Confidence Intervals

recall our regression model:
Y = -7.18 + 2.61 X
- \beta_{0}=-7.18
- \beta_{1}=2.61
we can also compute 95% CIs for coefficients (\beta_{0},\beta_{1})

Confidence Intervals

CI(b) = \hat{b} \pm \left( t_{crit} \times SE(\hat{b}) \right)

\hat{b} is each coefficient in the regression model
t_{crit} is the critical value of t
SE(\hat{b}) is the standard error of the regression coefficient

in R it’s easy, use confint():

d <- tibble(x=c(55,61,67,83,65,82,70,58,65,61),
            y=c(140,150,152,220,190,195,175,130,155,160))
mymod <- lm(y ~ x, data = d)
coef(mymod)

(Intercept)           x 
  -7.176930    2.606851

confint(mymod)

                 2.5 %    97.5 %
(Intercept) -84.898712 70.544852
x             1.451869  3.761832

Confidence Intervals

d <- tibble(x=c(55,61,67,83,65,82,70,58,65,61),
            y=c(140,150,152,220,190,195,175,130,155,160))
mymod <- lm(y ~ x, data = d)
coef(mymod)

(Intercept)           x 
  -7.176930    2.606851

confint(mymod)

                 2.5 %    97.5 %
(Intercept) -84.898712 70.544852
x             1.451869  3.761832

interpretation of regression coefficient CIs is the same:
If we were to replicate our sample a bunch of times, by resampling from the population and fitting a new regression model each time, and compute confidence intervals for the regression coefficients each time, then 95% of those CIs would contain the population value of the coefficients.
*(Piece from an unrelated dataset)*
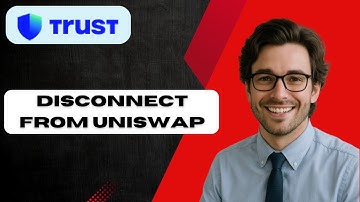 Trust Wallet Security Tip  How to disconnect Trust Wallet from Uniswap  (full guide)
Hypothesis tests for Regression

F(1,8)=27.09
p=0.0008176
→ what is this hypothesis test of?

Hypothesis tests for Regression

This is a test of the model “as a whole”*
specifically a test of the “full” regression model versus a “restricted” version of the model in which there is no dependence of Y on X
- (i.e. the slope \beta_{1} is zero)
in this way the hypothesis test is essentially a test of whether \beta_{1}=0 or not
Y = \beta_{0} + \beta_{1} X : full model (our alternate hypothesis H_{1})
Y = \beta_{0} : restricted model (our null hypothesis H_{0})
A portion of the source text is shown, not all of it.